ErbB
The ErbB protein family or epidermal growth factor receptor (EGFR) family is a family of four structurally related receptor tyrosine kinases. Insufficient ErbB signaling in humans is associated with the development of neurodegenerative diseases, such as multiple sclerosis and Alzheimer's Disease.[1] In mice loss of signaling by any member of the ErbB family results in embryonic lethality with defects in organs including the lungs, skin, heart and brain. Excessive ErbB signaling is associated with the development of a wide variety of types of solid tumor. ErbB-1 and ErbB-2 are found in many human cancers and their excessive signaling may be critical factors in the development and malignancy of these tumors.[2]
Family members
The ErbB protein family consists of 4 members
- ErbB-1, also named epidermal growth factor receptor (EGFR)
- ErbB-2, also named HER2 in humans and neu in rodents
- ErbB-3, also named HER3 and
- ErbB-4, also named HER4
Structure
ErbB receptors are made up of an extracellular region or ectodomain that contains approximately 620 amino acids, a single transmembrane spanning region and a cytoplasmic tyrosine kinase domain. The extracellular region of each family member is made up of four subdomains, L1, CR1, L2 and CR2, were "L" signifies a leucine-rich repeat domain and "CR" a cysteine-rich region. These subdomains are shown in blue (L1), green (CR1), yellow (L2) and red (CR2) in the figure below. These subdomains are also referred to as domains I-IV respectively.[3][4] The figure below was created using the pdb files 1NQL (ErbB-1), 1S78 (ErbB-2), 1M6B (ErbB-3) and 2AHX (ErbB-4).[5][6][2][7]
Kinase activation
The four members of the ErbB protein family are capable of forming homodimers, heterodimers, and possibly higher order oligomers upon activation by a subset of potential growth factor ligands.[3] There are 11 growth factors that activate ErbB receptors.

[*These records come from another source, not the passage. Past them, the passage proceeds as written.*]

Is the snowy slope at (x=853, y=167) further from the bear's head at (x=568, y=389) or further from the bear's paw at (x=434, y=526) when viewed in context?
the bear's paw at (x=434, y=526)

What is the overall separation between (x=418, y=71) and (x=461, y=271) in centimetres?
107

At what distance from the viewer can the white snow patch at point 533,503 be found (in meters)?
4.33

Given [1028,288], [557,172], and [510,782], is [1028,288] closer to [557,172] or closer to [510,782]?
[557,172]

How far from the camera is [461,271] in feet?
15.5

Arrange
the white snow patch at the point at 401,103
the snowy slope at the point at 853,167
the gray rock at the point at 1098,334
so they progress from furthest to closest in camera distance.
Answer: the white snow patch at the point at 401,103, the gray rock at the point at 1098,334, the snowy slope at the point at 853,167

The ability of each growth factor to activate each of the ErbB receptors is shown in the table below, + and - signifying ability and inability to activate each of the ErbB receptors respectively.[8]
Ligand | Receptor | |||
ErbB-1 | ErbB-2 | ErbB-3 | ErbB-4 | |
EGF | + | - | - | - |
TGF-α | + | - | - | - |
HB-EGF | + | - | - | + |
amphiregulin | + | - | - | - |
betacellulin | + | - | - | + |
epigen | + | - | - | - |
epiregulin | + | - | - | + |
neuregulin 1 | - | - | + | + |
neuregulin 2 | - | - | + | + |
neuregulin 3 | - | - | - | + |
neuregulin 4 | - | - | - | + |
When not bound to a ligand the extracellular regions of ErbB-1, -3 and -4 are found in a 'tethered' conformation in which a 10 amino acid long dimerisation arm is unable to mediate monomer-monomer interactions. In contrast, in ligand bound ErbB-1 and unliganded ErbB-2 the dimerisation arm becomes untethered and exposed at the receptor surface making monomer-monomer interactions and dimerisation possible.[8] The consequence of ectodomain dimerisation is the positioning of two cytoplasmic domain such that transphosphorylation of specific tyrosine, serine and threonine amino acids can occur within the cytoplasmic domain of each ErbB. At least 10 specific tyrosines, 7 serines and 2 threonines have been identified within the cytoplamic domain of ErbB-1, that become phosphorylated upon receptor dimerisation.[9][10][11]
Role in cancer
ErbB-1 is overexpressed in many cancers. Drugs such as cetuximab, gefitinib, erlotinib are used to inhibit it. It has recently been shown that acquired resistance to the two first can be linked to hyperactivity of ErbB-3.[12] This is linked to an acquired overexpression of c-MET which phosphorylates ErbB-3, which in turn activates the Akt pathway.[13]
References
- ^ Bublil EM and Yarden Y. (2007). "The EGF receptor family: spearheading a merger of signaling and therapeutics". Curr. Opin. Cell Biol. 19 (2): 124–134. doi:10.1016/j.ceb.2007.02.008. PMID 17314037.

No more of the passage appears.